Ero seduto sul sedile posteriore. Il giudice Falcone era alla guida e accanto c’era sua moglie, la quale aveva preferito accomodarsi davanti perché soffriva il mal d’auto. Ricordai al magistrato di darmi le chiavi quando saremmo arrivati a destinazione.  Falcone distrattamente le sfilò, facendo rallentare l’auto di qualche secondo. Poi, nulla. Il buio. Mi sono svegliato in un letto di ospedale, dopo essere stato in coma. Chiesi perché mi trovassi in quel posto e cosa fosse accaduto. Mi dissero che avevo subito un incidente stradale. Ricordo che vennero a trovarmi il presidente della Repubblica Oscar Luigi Scalfaro (appena eletto) e il giudice Paolo Borsellino, l’unico magistrato che venne a sincerarsi delle mie condizioni di salute. Con se aveva un’agenda (probabilmente quella rossa, di cui si sono perse le tracce? ndr)  sulla quale prendeva appunti”.
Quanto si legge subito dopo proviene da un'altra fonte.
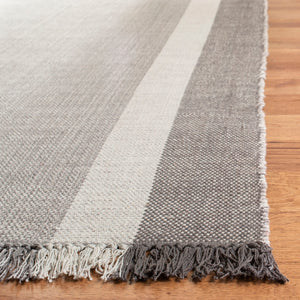 Safavieh Montauk 301 Hand Woven Cotton Rug MTK301A-9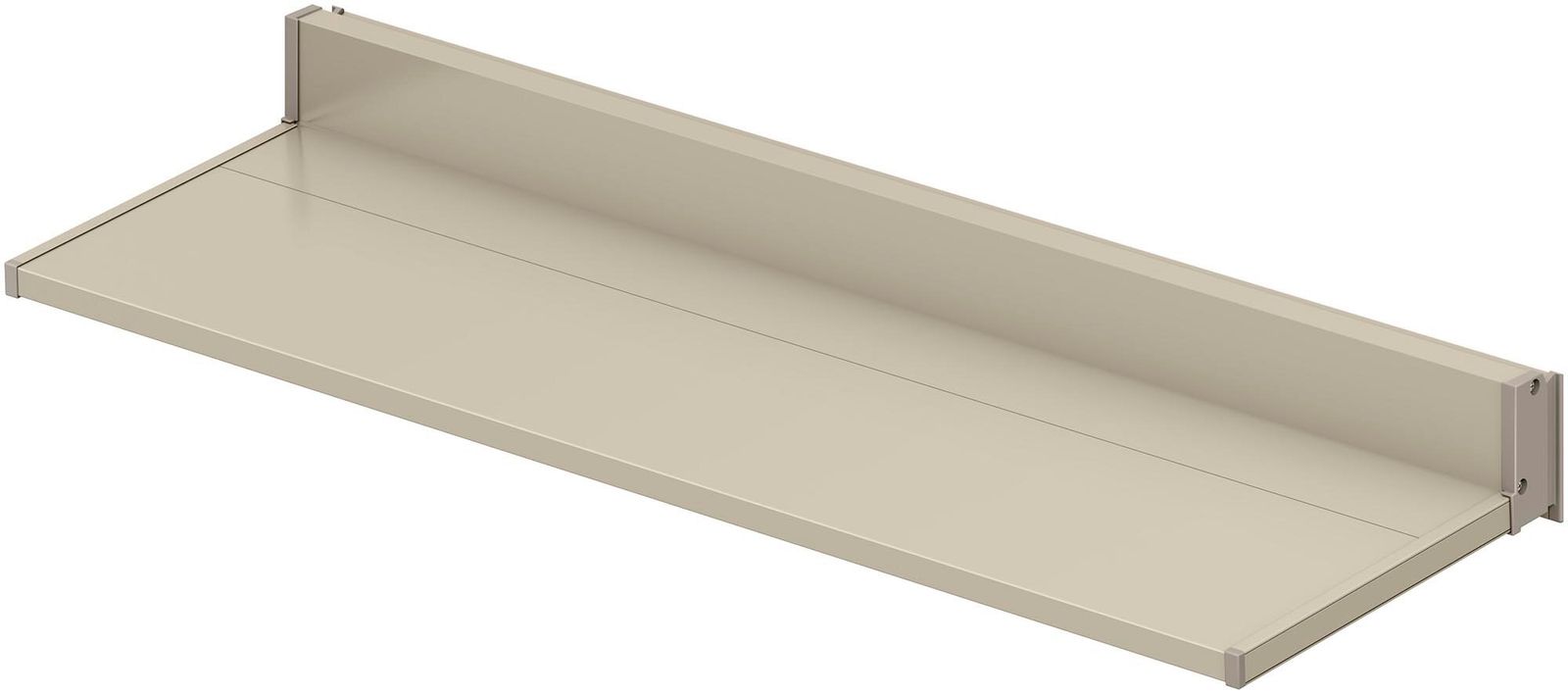 スリムアートフラットタイプF300 ユニットひさし 17803 W 1 970mm × D 300mm 先付け 木造用 LIXIL リクシル TOSTEM トステム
Paolo Borsellino, altra vittima della ferocia mafiosa e stragista. E con lui, i cinque agenti di scorta in quel maledetto 19 luglio, 57 giorni dopo la strage di Capaci

“Una morte annunciata. Il giudice Borsellino, dopo l’uccisione di Falcone, sarebbe divenuto il nuovo Procuratore Nazionale Antimafia e avrebbe continuato il lavoro del suo fidato collega-amico di sempre…”

Quanti ricordi…

“Ho tanti ricordi belli di Giovanni Falcone. Uno su tutti è quando andavo a trovarlo a casa sua per barba e capelli. Si, prima che facessi l’autista giudiziario ero stato un parrucchiere. Per lui era troppo rischioso andare in una sala da barba e chiese a me. L’ho fatto per quasi 8 anni. Ricordo che la moglie ci portava sempre il caffè…”

Ha mai avuto paura per il lavoro che svolgeva, sempre al fianco di Falcone?

“Trent’anni fa non sono morto fisicamente ma dentro di me. Mi reputo un miracolato e per questo tutto quello che faccio lo dedico interamente a chi ha perso la vita in quel maledetto giorno. Col giudice Falcone, dal lontano 1984, giorno in cui mi chiese di diventare l’autista della sua macchina, ho avuto un rapporto di grande stima e fiducia, nel massimo rispetto dei ruoli. Le racconto un episodio che per me assume un valore enorme…”

Ci dica pure

“A Bagheria, il 23 novembre del 1989, vennero uccisi tre familiari del boss pentito Francesco Marino Mannoia. Assieme al giudice Falcone ci apprestammo a recarci sul posto, quando lo stesso giudice mi consigliò di prendere una strada secondaria, al fine di evitare che potessimo essere vittime di un possibile agguato. Arrivammo e trovammo il procuratore capo Pietro Giammanco. Ricordo che lo stesso Procuratore disse a Falcone che al ritorno sarebbero saliti entrambi su un’altra macchina e che io sarei dovuto andare da solo a Palermo, facendo quasi da battistrada, in una sorta di bonifica del tragitto. La risposta di Falcone fu secca e repentina: io non lascio da solo Costanza, vado con lui. Ecco chi era Giovanni Falcone. Un uomo in possesso di un elevato senso dell’altruismo e di un bene incommensurabile. Un uomo a cui devo la vita e a cui tutti noi dobbiamo dire grazie per tutto quello che ha fatto. Non solo in occasione della ricorrenza del 23 maggio, ma ogni giorno. Sempre!”